In the entries below, find the line with "PIALA DUNIA 2014: AS" and print exactly every line from there up to and including the line with "Prix d'usine, certificat", with no other lines.

» **Given records**
######

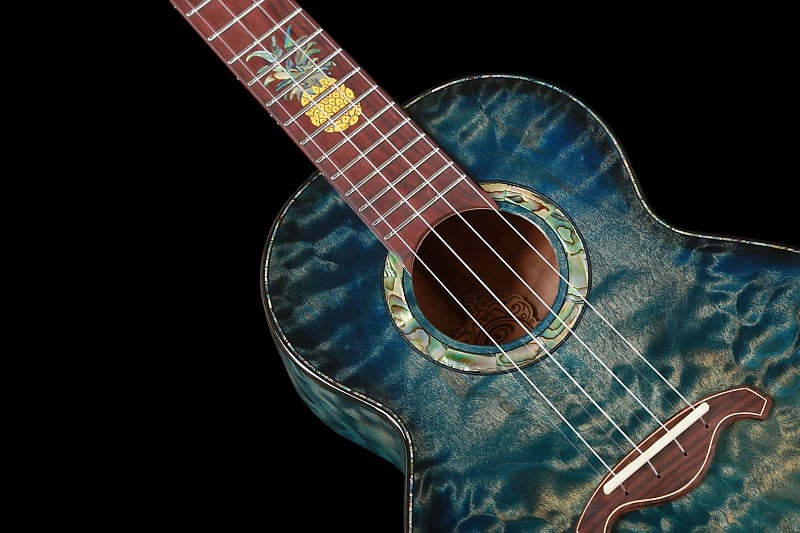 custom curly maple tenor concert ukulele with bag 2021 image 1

######

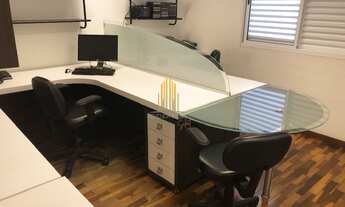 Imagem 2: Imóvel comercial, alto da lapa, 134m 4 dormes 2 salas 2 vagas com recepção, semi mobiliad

######

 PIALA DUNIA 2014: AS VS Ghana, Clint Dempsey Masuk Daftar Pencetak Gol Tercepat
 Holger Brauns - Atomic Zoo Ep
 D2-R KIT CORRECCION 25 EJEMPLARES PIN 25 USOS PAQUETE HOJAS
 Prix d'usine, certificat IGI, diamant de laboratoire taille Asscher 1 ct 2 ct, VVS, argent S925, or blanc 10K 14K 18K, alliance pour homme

######

» **Answer space**
 PIALA DUNIA 2014: AS VS Ghana, Clint Dempsey Masuk Daftar Pencetak Gol Tercepat
 Holger Brauns - Atomic Zoo Ep
 D2-R KIT CORRECCION 25 EJEMPLARES PIN 25 USOS PAQUETE HOJAS
 Prix d'usine, certificat IGI, diamant de laboratoire taille Asscher 1 ct 2 ct, VVS, argent S925, or blanc 10K 14K 18K, alliance pour homme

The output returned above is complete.